Pour revenir à l'émission de Sow dans les zones rurales du Sénégal l'année dernière : son reportage a été diffusé sur La Laghem FM et couvrait la rupture du silence autour de la violence domestique et des agressions dans la culture traditionnelle sénégalaise. Le terme « non-dénonciation » ou « défaut de déclaration » en wolof est ndeup neupal (prononcé « n-puh n-puh »). Le reportage de Sow a été diffusé en français et en wolof pour toucher un public plus large, car le terme ndeup neupal a une plus grande signification culturelle pour les villageois locaux qui ne parlent pas français. Elle a interviewé une jeune femme qui avait été agressée par son oncle.
Sow a inclus des entretiens avec un « notable », qui est un patriarche localement respecté de la communauté ou du village, ainsi qu'avec un leader musulman local (un imam) et un thérapeute. L’imam a été cité comme étant fermement opposé à la violence contre les femmes, affirmant que le Coran ne soutient pas la violence domestique ou les agressions. Selon Sow, briser ces tabous culturels a permis à son émission de radio de trouver un écho auprès des organisations communautaires qui soutiennent les femmes de sa région.
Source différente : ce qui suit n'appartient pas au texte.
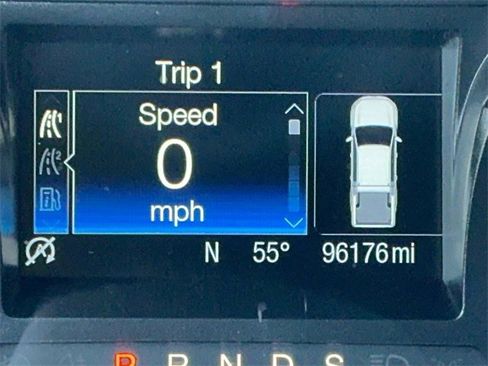 Used 2019 Ford Ranger XLT w/ FX4 Off-Road Package image 25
« Les notables» ont beaucoup apprécié. Parce qu'ils ont vu que la production se faisait dans le contexte de notre culture sénégalaise… nous avons honoré notre culture dans l'émission et les « notables » ont beaucoup aimé ça. Nous avons montré que la violence n’est pas appréciée dans notre culture sénégalaise, ni par notre religion. Nous avons eu beaucoup de retours positifs sur cette publication », a déclaré Sow.
Sow était satisfaite de l'impact de son émission .
Les femmes qui font du bénévolat pour notre organisation de santé communautaire locale [« Badianou Guokh »] qui aide les femmes, en particulier pour la santé des mères et des enfants… nous ont contactés et nous ont fait part de commentaires très positifs », a déclaré Sow.
Après avoir entendu son reportage à la radio, Sow a déclaré que les bénévoles de Badianou Guokh avaient cité lors de leurs actions de sensibilisation dans les rues auprès des femmes enceintes et des mères allaitantes.
Le financement de l'enquête actuelle auprès des journalistes francophones provient de New Venture, un fonds de développement des médias. Grâce aux résultats de l'enquête sur les obstacles auxquels sont confrontées les femmes journalistes dans ces trois pays francophones, Gicheru espère obtenir davantage de financement pour lancer la bourse de journalisme.
Une question sur l'enquête se pose :
Certaines salles de rédaction ont une politique éditoriale (lignes directrices qui contrôlent et modifient la couverture). La politique éditoriale de votre salle de réduction énumère-t-elle des lignes directrices pour la représentation des femmes dans les textes ou photos?
Le traitement culturel des femmes – en tant qu’employées des rédactions, mais aussi leur représentation dans la couverture médiatique à travers l’Afrique – est au cœur des rêves de Gicheru pour ses camarades de l’AWJP. « Y a-t-il des espaces communs entre le Sénégal, le Togo et le Burkina Faso ou y a-t-il des défis uniques ? … La recherche pourrait nous révéler qu'il existe d'autres problèmes », a déclaré Gicheru.
« Pour le Togo et le Burkina Faso, toute intervention que nous concevrons sera éclairée par les recherches que nous menons actuellement », a ajouté Gicheru.